O que fazer pelo Brasil?

Em vez de tantos duelos por que não surge cooperação visando a saúde e evitando que a economia decline ao insustentável? O que se deve fazer? Por que os sábios não se ocupam disso transmitindo segurança e serenidade para a população em vez de ficarem esgrimindo nessa feia luta pelo poder?

Segue abaixo um texto que vi na internet, de autor desconhecido, mas que achei interessante:

“A quarentena é certa? É!

A quarentena é errada? É!

Bolsonaro está certo? Está!

Bolsonaro está errado? Está!

É fácil defender a quarentena em uma casa confortável, com TV, PC, armário cheio, sabendo que se não trabalhar vai haver salário.

É difícil defender quarentena quando o armário já está vazio e que, se não trabalhar, não terá salário.

Trabalha-se de manhã pra comer de noite e o filho tá pedindo iogurte.

Os médicos veem o lado da saúde: quarentena.

Os economistas veem como manter os insumos para os médicos: economia.

Os líderes veem a moral e o bem estar emocional: calma, é só uma gripe (para 80%, 90% que a pega).

Cabe a nós o bom senso, a honestidade e o apartidarismo. Opiniões rasas no conforto é fácil.

Entender que NENHUMA ação tomada vai ser simples, é difícil.

Temos que pensar que toda decisão tem pontos positivos e negativos.

Não seja simplista. Não adianta falar que tem que seguir a quarentena a todo custo, e não falar sobre os danos pós-quarentena onde vai morrer gente por falta de dinheiro pra saúde em geral, aumento da criminalidade, de fome, de depressão e suicídio.
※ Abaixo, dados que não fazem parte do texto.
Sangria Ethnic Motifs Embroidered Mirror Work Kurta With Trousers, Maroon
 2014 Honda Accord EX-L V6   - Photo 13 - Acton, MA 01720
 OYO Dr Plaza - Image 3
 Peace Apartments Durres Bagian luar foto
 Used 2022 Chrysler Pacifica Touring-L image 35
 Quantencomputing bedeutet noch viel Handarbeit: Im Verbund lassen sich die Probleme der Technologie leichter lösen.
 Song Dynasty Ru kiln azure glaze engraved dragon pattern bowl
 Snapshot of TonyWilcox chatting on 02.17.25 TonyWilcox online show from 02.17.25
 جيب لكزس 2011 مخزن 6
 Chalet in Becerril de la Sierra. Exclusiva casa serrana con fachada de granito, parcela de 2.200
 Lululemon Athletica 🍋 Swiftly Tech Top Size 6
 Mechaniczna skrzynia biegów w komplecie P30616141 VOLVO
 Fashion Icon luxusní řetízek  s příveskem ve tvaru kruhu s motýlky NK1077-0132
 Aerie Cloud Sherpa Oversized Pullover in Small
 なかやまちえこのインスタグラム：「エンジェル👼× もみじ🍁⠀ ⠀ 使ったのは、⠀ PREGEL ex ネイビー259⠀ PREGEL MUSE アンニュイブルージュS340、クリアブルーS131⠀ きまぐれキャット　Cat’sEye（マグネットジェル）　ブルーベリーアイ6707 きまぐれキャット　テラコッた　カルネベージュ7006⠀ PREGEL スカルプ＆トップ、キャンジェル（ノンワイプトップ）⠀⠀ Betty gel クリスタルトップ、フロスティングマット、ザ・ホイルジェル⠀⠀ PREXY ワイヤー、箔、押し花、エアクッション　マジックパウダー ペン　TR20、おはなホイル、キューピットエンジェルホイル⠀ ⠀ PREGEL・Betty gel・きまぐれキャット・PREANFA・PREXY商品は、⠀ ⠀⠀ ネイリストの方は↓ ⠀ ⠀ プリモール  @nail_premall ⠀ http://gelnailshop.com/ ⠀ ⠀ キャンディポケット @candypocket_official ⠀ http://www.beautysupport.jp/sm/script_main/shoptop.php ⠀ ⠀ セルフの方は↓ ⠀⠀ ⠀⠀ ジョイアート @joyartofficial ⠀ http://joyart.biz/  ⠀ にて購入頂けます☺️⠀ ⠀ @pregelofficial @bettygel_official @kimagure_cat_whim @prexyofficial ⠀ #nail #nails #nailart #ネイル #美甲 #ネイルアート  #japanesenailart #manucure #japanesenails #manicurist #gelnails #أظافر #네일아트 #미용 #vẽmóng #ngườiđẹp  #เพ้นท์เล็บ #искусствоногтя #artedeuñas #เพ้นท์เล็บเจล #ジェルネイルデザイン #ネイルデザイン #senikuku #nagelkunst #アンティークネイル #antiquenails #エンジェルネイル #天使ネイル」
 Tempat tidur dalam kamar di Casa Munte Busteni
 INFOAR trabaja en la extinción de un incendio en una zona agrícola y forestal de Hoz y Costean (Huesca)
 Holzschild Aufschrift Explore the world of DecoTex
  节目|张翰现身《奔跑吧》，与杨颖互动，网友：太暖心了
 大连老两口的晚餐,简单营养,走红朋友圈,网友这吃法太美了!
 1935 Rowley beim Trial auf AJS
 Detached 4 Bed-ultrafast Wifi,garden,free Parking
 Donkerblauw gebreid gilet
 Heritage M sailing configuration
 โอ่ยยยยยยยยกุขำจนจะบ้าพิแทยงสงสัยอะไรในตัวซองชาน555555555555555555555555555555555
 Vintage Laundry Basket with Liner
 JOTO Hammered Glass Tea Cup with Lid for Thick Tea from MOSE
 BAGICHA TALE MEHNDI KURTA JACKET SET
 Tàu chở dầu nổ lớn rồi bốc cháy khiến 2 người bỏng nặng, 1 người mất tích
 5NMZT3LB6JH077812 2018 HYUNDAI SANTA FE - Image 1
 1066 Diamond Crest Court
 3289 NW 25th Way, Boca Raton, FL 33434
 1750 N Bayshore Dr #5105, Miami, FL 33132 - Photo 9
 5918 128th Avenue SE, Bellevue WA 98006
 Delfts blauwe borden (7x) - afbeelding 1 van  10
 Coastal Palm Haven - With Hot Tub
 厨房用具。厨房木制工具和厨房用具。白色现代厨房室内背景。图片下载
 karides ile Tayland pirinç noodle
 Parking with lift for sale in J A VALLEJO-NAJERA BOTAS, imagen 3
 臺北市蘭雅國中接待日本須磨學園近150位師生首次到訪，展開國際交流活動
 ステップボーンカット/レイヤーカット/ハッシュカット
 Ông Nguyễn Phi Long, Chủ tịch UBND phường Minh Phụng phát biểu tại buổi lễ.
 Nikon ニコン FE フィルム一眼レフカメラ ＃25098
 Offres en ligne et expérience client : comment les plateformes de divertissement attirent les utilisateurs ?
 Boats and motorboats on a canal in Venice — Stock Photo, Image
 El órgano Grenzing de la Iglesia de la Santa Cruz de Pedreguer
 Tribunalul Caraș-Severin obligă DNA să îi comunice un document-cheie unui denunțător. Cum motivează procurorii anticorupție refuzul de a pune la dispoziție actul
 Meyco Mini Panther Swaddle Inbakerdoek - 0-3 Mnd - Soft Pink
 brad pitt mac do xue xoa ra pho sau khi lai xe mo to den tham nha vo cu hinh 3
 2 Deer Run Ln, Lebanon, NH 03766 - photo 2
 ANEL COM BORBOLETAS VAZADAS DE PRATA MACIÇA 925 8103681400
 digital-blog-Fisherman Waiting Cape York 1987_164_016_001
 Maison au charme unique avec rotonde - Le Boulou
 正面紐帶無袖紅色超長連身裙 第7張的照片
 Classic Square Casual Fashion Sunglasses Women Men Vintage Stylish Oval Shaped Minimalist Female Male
Em poucos dias os serviços essenciais não terão condições de continuar a funcionar sem os não-essenciais.

A empresa que produz álcool em gel precisa da empresa de plástico que produz a garrafinha.

Sabe os deliveries? Já já vão precisar das embalagens de papelão.

Caminhoneiros com materiais de hospitais precisam de restaurantes, oficinas, borracharias. E todas essas empresas precisam de outras…

Tem que haver prevenção aos grupos de risco e tem que haver o andar da economia.

Uma coisa depende da outra. Ou chegamos ao consenso ou vamos igualmente sucumbir.”